Персефоний вернулся в два часа ночи, когда Сударый уже был полон дум о бренности всего живого и не знал, за что взяться: то ли написать предсмертное письмо, то ли сделать автопортрет по методу новейшей оптографии и в последнее утро жизни все-таки узреть истинный облик своей души. Первое было романтично и глупо, второе — бессмысленно, потому что одной неполной ночи скорее всего не хватит, чтобы на снимке проявилась вся духовная сущность. Разумнее было бы выспаться, но этот вариант Сударый даже не рассматривал.

Вместе с первым ударом часов хлопнула дверь черного хода. Вскоре в гостиной появился упырь, встрепанный, нервный, но, кажется, сытый.

— Извините, что задержался, — сказал он. — Только напрасно вы ждали, лучше бы отдохнули, честное слово, на вас лица нет. А я после встречи завернул в подотдел — оказалось, есть ночная работа на одном складе… Ну, в общем, это вам неаппетитно, но мне нужно было успокоиться.

— После встречи с секундантом Залетая Высоковича? — уточнил Сударый.

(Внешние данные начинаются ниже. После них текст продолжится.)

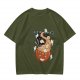 Olive green t-shirt with pumpkin ramen and ghost graphic print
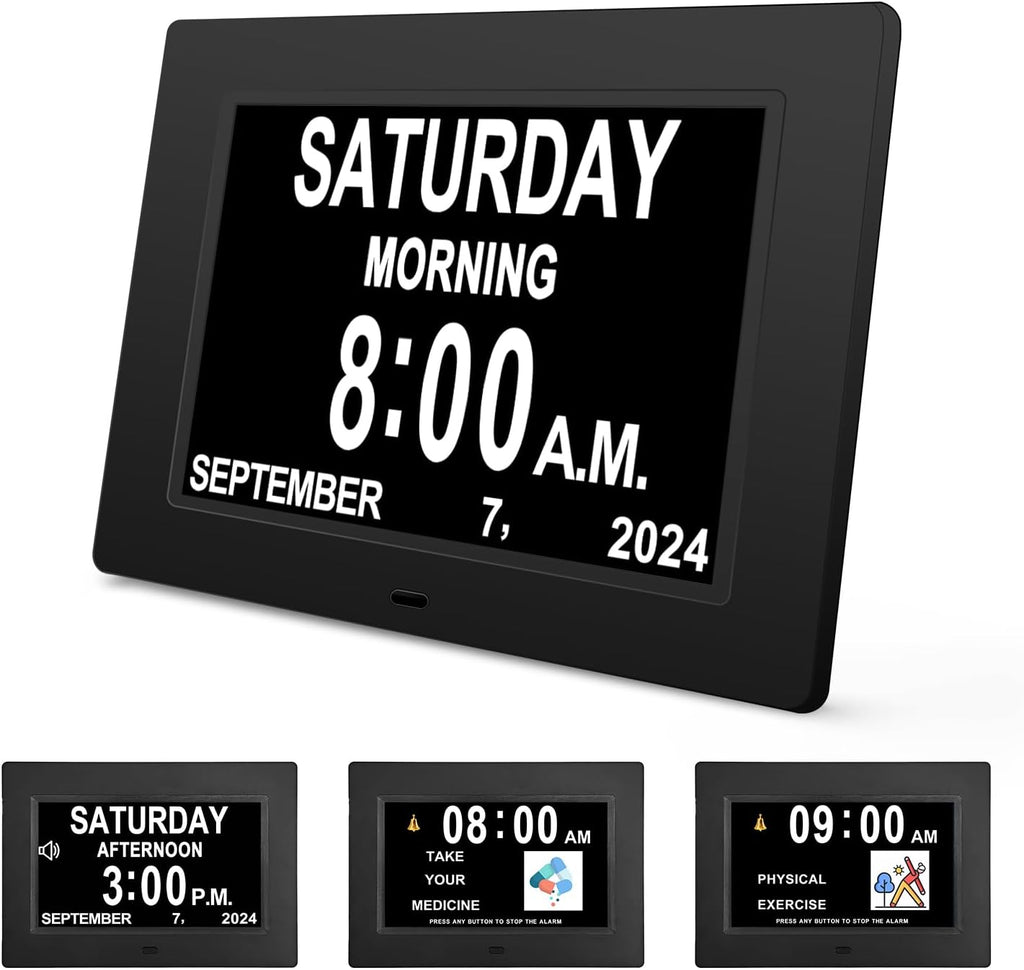 JALL 【2024 New】 Digital Calendar Dementia Day Clock, 7 Inch Large Screen Display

— С этим… сопляком, пустозвоном… — выцедил из себя Персефоний. — Эта «личность нового склада», как он себя именует, явно не прочь поразвлечься за чужой счет. Такая наглость… Признаюсь, у меня было сильное желание послать ко всем чертям дуэльный кодекс и разобраться с ним по-простому.

— Ты правильно сделал, что сдержался, — поспешил сказать Сударый. Срок условного освобождения его помощника еще не истек, и за любое правонарушение он рисковал вновь очутиться в каталажке.

— Знаю, — с видимым неудовольствием кивнул упырь. — Но поверьте, сделал это не ради себя, а ради вас. У меня вообще сложилось стойкое впечатление, что слухи расползаются по городу именно благодаря этой «личности нового склада».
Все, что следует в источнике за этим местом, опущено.